**TRY IT**.
Find the lines in the records below that contain "image", and report each of them.

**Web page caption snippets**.

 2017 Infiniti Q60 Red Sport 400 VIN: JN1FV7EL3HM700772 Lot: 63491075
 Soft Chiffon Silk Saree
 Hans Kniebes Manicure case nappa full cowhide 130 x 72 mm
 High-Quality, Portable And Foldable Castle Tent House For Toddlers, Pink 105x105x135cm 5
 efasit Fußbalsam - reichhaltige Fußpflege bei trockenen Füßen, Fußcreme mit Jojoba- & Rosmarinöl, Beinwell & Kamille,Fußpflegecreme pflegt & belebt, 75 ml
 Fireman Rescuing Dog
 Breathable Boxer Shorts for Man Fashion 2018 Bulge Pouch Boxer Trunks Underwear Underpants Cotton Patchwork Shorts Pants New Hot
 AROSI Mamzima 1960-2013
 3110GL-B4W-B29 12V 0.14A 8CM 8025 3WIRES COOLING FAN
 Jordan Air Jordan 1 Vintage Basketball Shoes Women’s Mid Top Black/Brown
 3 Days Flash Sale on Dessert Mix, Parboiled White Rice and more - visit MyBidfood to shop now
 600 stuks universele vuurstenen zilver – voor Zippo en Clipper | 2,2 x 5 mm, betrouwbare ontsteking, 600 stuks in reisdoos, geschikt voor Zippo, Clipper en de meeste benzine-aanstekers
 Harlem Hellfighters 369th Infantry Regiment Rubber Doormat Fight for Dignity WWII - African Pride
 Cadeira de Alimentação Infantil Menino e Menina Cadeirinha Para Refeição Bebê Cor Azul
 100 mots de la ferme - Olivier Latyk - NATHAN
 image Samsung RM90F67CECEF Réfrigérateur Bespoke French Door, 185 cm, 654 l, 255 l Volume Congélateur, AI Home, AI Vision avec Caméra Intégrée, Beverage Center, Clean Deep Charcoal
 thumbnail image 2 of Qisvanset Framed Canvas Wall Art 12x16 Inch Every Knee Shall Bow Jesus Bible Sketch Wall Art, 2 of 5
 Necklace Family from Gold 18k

**FINISHED EXERCISE**.
 image Samsung RM90F67CECEF Réfrigérateur Bespoke French Door, 185 cm, 654 l, 255 l Volume Congélateur, AI Home, AI Vision avec Caméra Intégrée, Beverage Center, Clean Deep Charcoal
 thumbnail image 2 of Qisvanset Framed Canvas Wall Art 12x16 Inch Every Knee Shall Bow Jesus Bible Sketch Wall Art, 2 of 5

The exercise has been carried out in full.